Some collectors can correctly identify all pointers (references) in an object; these are called "exact" collectors, the opposite being a "conservative" or "partly conservative" collector. "Conservative" collectors have to assume that any bit pattern in memory is a pointer if (when interpreted as a pointer) it would point into any allocated object. Thus, conservative collectors may have some false negatives, where storage is not released because of accidental fake pointers. However, this is not a big drawback in practice.

There is the issue of whether the garbage collector can run interleaved or in parallel with any of the rest of the system: the simplest garbage collectors stop the rest of the system while they perform a cycle; they are non-incremental, whereas incremental collectors interleave their work with units of activity from the rest of the system. Some incremental collectors can run fully parallel in a separate thread; these can theoretically run on a separate CPU, but cache issues make this less practical than it may initially appear.

Mark and sweep
Collectors can also be divided by considering how the three sets (of white, grey, and black objects) are implemented. A Mark sweep GC[?] maintains a bit (or two) with each object to record whether it is white or black; the grey set is either maintained as a separate list or using another bit. A Copying GC[?] identifies grey and black objects by copying them to another area of memory (the copy space) and often distinguishes black from grey objects by dividing the copy space into two portions (in the simple case by maintaining a single pointer that marks the division between black and grey objects).

Generational GC
There is the issue of when to perform a cycle and what objects to place in the initial grey set. A simple collector will always put only the roots in the initial grey set, and everything else will be initially white.

Statistically speaking, the objects most recently created in the runtime system are also those most likely to quickly become unreachable. A Generational GC[?] divides objects into generations and will generally only place the objects of a subset of all the generations into the initial white set (the grey set being everything else). This can result in faster cycles.

Reference counting
Reference counting is commonly referred to as garbage collection, but this usage is not accepted by all. It could probably be argued that reference counting is a class of conservative garbage collection. Some punters like to reserve the term garbage collection for algorithms and systems that determine the liveness of data based on reachability.

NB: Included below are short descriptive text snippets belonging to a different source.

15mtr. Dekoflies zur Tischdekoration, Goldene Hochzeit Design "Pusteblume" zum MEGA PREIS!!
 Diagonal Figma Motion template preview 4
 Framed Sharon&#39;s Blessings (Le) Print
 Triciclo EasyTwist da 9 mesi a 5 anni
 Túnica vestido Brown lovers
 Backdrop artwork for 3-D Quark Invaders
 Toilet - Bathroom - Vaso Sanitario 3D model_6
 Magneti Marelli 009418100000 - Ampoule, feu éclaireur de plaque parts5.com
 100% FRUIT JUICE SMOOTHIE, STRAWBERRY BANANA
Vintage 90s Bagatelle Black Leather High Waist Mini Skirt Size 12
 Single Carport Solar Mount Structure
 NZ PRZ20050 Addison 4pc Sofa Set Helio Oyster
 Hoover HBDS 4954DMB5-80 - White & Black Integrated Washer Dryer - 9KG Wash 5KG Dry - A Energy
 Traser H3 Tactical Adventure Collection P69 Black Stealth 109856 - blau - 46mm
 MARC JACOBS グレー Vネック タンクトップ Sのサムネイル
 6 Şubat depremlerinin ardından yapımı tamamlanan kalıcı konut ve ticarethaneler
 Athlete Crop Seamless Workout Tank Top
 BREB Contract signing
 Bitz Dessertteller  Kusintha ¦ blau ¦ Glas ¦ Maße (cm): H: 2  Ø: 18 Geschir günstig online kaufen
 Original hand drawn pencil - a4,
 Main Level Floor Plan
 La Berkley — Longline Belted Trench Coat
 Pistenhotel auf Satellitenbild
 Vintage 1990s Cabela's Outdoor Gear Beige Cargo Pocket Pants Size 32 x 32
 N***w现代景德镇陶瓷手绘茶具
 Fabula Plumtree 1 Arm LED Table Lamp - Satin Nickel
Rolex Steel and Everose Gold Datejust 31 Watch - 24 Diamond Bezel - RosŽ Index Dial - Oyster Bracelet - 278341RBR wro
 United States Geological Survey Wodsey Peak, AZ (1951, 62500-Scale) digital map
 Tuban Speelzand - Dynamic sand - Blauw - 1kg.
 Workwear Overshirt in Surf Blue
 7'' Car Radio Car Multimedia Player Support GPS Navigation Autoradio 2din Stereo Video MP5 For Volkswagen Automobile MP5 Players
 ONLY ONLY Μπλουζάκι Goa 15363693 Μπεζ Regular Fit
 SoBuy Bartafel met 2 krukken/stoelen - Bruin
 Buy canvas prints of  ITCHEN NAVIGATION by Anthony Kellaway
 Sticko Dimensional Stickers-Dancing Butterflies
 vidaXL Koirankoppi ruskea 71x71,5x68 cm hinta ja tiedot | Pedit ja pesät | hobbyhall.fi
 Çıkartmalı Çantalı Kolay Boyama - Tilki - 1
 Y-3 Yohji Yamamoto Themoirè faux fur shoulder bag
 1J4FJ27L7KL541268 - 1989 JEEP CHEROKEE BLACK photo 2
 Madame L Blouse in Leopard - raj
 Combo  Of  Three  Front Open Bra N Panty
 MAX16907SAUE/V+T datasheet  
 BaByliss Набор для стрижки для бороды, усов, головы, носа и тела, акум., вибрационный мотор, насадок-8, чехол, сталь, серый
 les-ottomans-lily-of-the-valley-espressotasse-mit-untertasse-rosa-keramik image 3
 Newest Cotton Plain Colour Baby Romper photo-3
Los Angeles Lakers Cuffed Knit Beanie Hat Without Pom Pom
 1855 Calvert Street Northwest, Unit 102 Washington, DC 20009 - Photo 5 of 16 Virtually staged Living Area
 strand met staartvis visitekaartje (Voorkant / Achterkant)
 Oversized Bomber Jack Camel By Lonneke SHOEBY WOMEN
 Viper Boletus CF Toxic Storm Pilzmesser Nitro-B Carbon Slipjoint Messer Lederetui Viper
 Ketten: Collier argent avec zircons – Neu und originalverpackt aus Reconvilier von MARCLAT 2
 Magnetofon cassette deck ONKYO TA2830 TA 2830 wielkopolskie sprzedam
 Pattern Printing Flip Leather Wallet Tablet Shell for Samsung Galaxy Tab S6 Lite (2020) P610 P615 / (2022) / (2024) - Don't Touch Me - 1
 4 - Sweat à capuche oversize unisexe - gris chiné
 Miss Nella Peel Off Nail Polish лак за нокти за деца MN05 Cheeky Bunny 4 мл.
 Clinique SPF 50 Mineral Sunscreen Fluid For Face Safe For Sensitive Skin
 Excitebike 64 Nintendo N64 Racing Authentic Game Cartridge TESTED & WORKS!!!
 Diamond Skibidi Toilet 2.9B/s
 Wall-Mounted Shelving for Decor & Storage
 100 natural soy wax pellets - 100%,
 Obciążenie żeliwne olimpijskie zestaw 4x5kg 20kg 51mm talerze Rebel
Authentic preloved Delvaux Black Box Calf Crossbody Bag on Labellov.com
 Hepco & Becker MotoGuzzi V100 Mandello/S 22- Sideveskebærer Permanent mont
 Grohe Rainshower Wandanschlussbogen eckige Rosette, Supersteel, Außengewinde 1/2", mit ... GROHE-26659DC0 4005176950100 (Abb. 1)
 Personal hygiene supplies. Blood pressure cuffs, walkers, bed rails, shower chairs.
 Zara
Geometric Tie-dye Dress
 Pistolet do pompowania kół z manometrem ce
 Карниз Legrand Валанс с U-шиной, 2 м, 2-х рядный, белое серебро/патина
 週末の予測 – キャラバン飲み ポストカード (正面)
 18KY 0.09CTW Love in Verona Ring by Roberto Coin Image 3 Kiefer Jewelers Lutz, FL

Reference counting has serious problems anyway, such as a general inability to deal with circular references and a high overhead in both space and time. On the other hand, it does dispose of most garbage fairly promptly, which can have advantages if there are finalisers to be run to free up scarce resources other than heap memory. Hybrid systems that use reference counting to achieve (mostly) immediate freeing of resources, and occasionally call a mark-sweep collector to free stuff containing reference loops, have been proposed and occasionally implemented. This gives the best of both worlds in some ways, but still has a performance overhead.